Usually, I was the youngest there by thirty years. The others had grey beards and grey suits and whenever someone almost my age walked in the door, we avoided looking at each other and tried to continue our microwork until one of us suddenly realised he had an important appointment.

The smell of old books and old trousers. The still air. The dim light. The silence.

I was a novice back then (and still am in many ways), I didn’t know where to look and what to look for — and whenever i found something, my meticulously jotted notes were often too sparse, without a page number or with at least three names with the wrong spelling. Many times, I had to go back to my old finds to check something, and sometimes I didn’t even find them: my meticulous notes were wrong.

Occasionally I probably found the wrong person. I have a database with thousands of names: some of them should probably not be there. (Some names I have received from others, though.)
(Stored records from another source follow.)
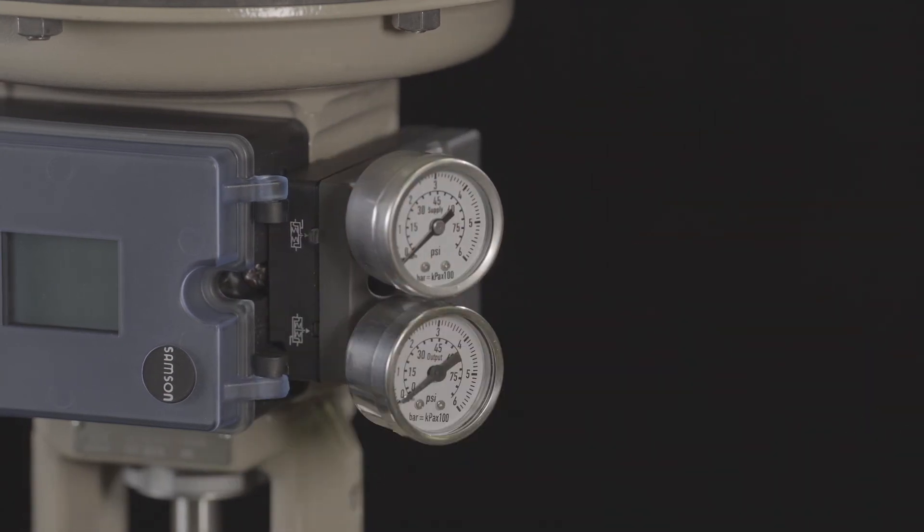The positioner is now installed and ready for calibration. We hope you enjoyed this how-to video and thank you for watching.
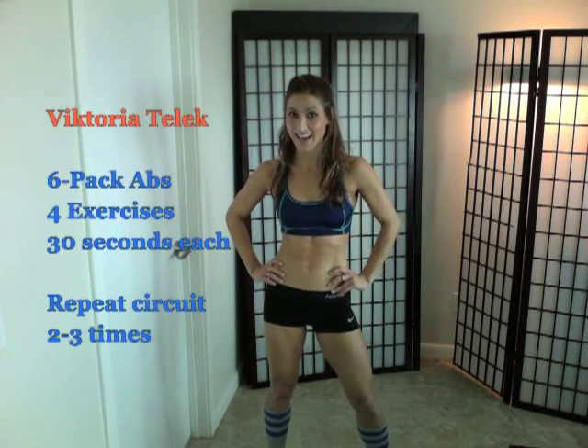Hi, I'm Victoria Tulloch and today I'm going to show you four of my favorite exercises to get six-pack, lean, sexy abs while standing.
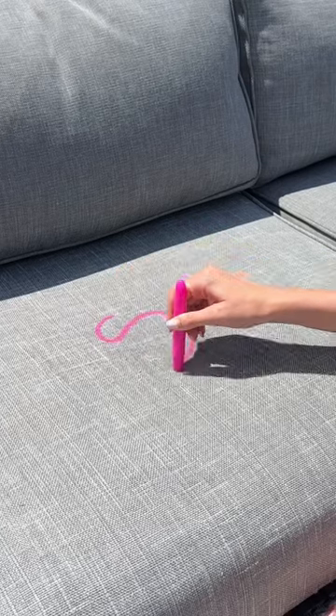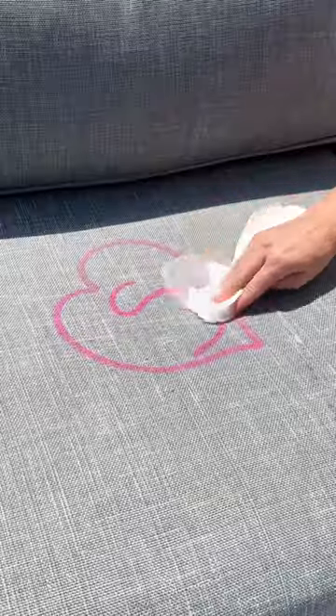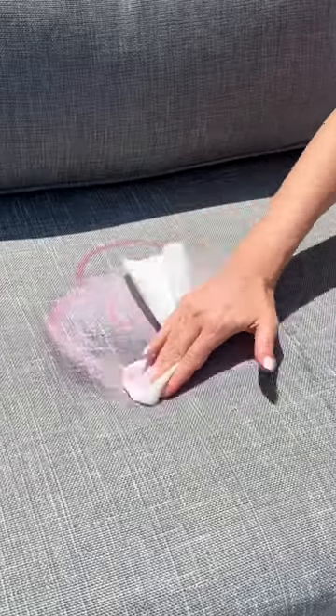I drew an S right onto the couch because I really want to give this couch a name, and then I put a heart right around it. First, I started rubbing it with soap and water. While I scrubbed, can you share with me your favorite names that start with the letter S?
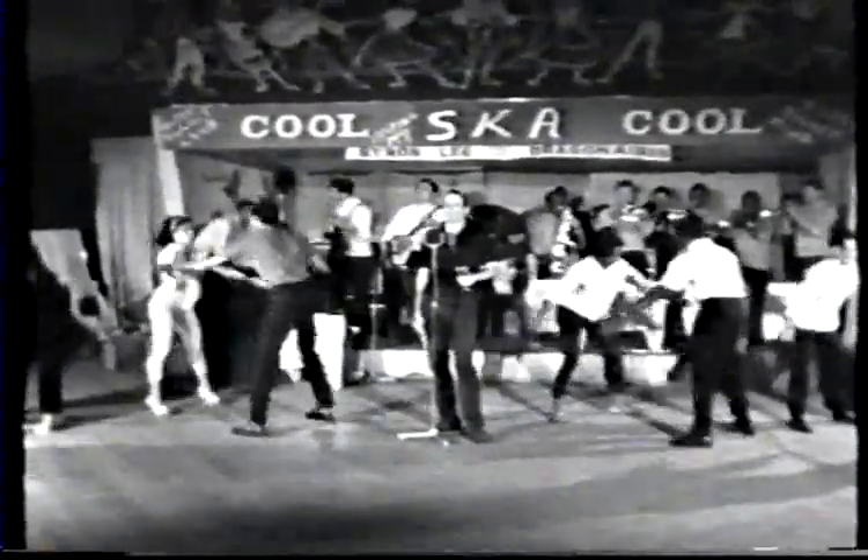Yes, this is SKA — original and indigenous. The music of guitar, saxophone, trumpet, bass and drums. These instruments are playing a monotonic grassroots rhythm. This beat has taken Jamaica by storm and is swiftly spreading to other parts of the world.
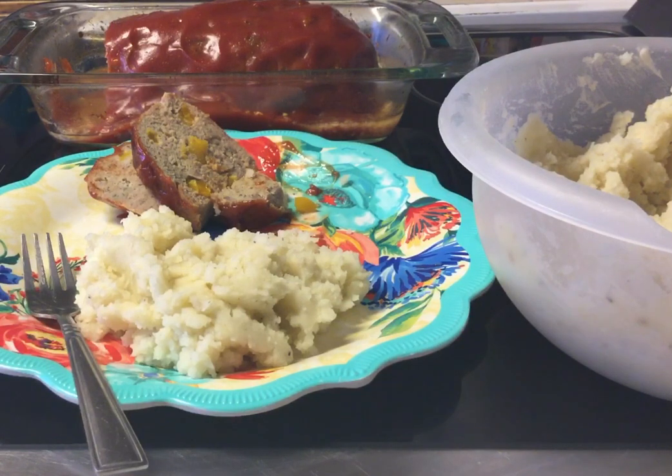And I'm not just saying it because I made it. When I tell you, it's absolutely delicious. Juicy. Full of flavor. Tender. The mashed potatoes are just melting in your mouth.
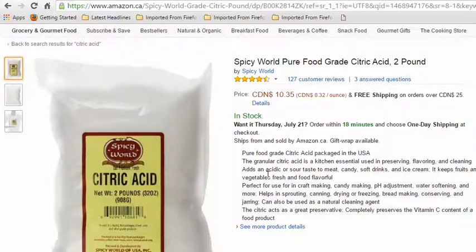One tablespoon is all it takes. A two pound container like this would last you years. And if you feel like you need to run it more often, you can easily do so.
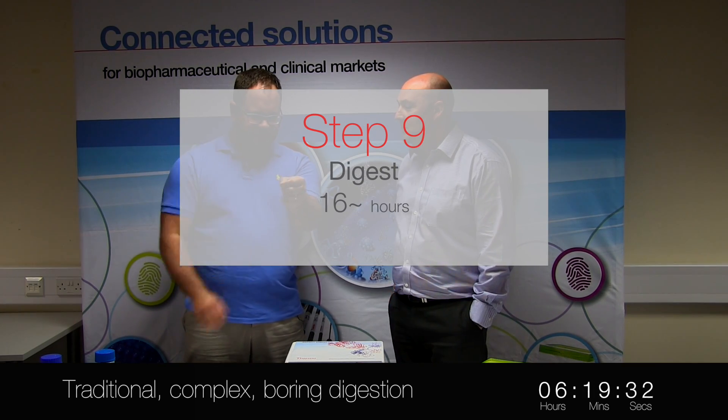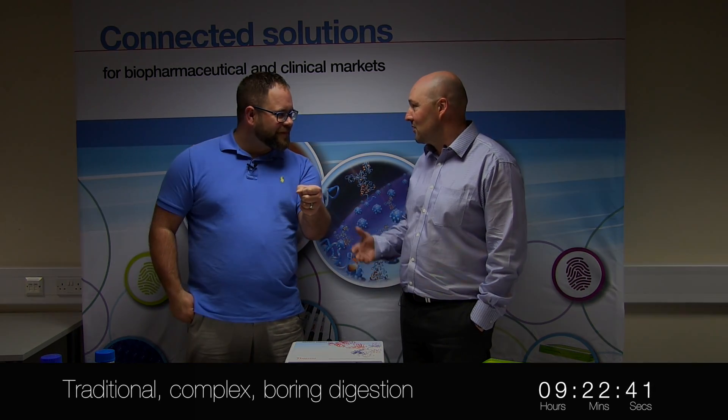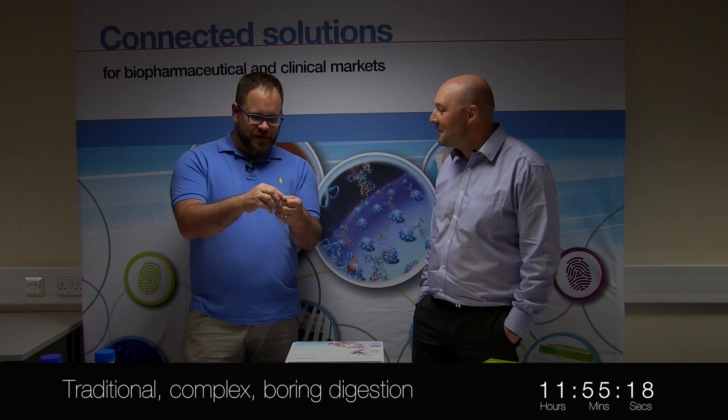Leave it overnight at 37 degrees — you can incubate it again at 37 degrees. So it's the end of the day, you can go home, drive home, get home, see the curtains. OK, so that was a whole day. That was a whole day.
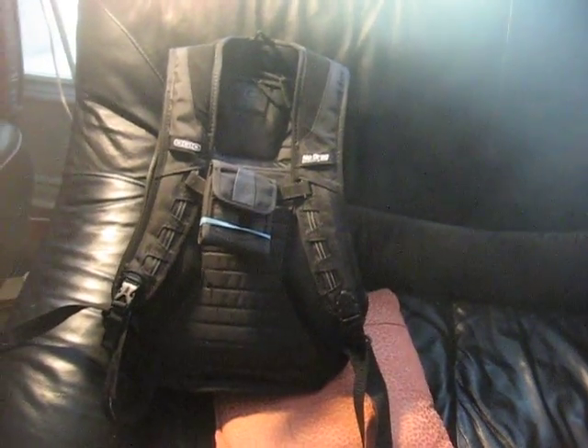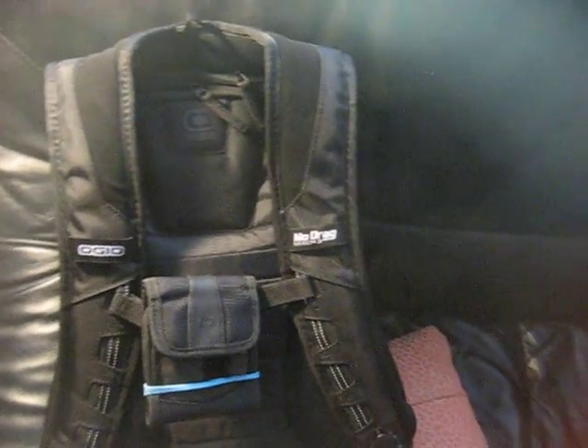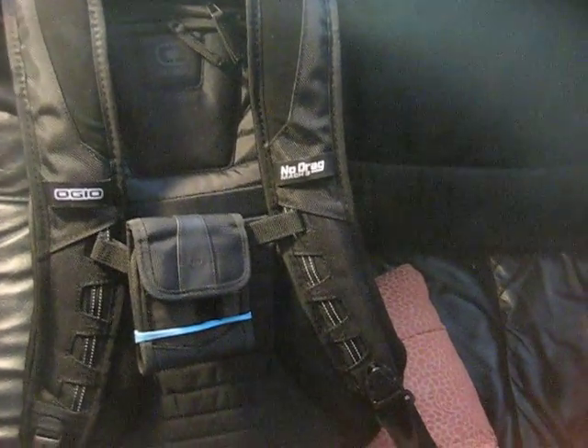Here is my Ogio No-Drag. This is a Mach 3, so this has the interior shoe compartments as well as different things for accessories.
I did find my grandmother’s father, though. She was born out-of-wedlock about 100 years ago: her father was a swedish ship captain who perhaps never even knew he had become a father. My grandmother’s mother then remarried and got another child as soon as possible. My grandmother was dark by Norwegian standard, she looked more like a Greek than a Norwegian; her half-sister was white as snow. And just like in the fairy-tales, one sister got everything, while the other one, the step-daughter of the man in the house, got almost nothing.

My grandmother never talked about her father. She never tried to find him: they told her his ship went down and he drowned just after she was born, and she neither wanted nor saw a reason to investigate further. Or never dared.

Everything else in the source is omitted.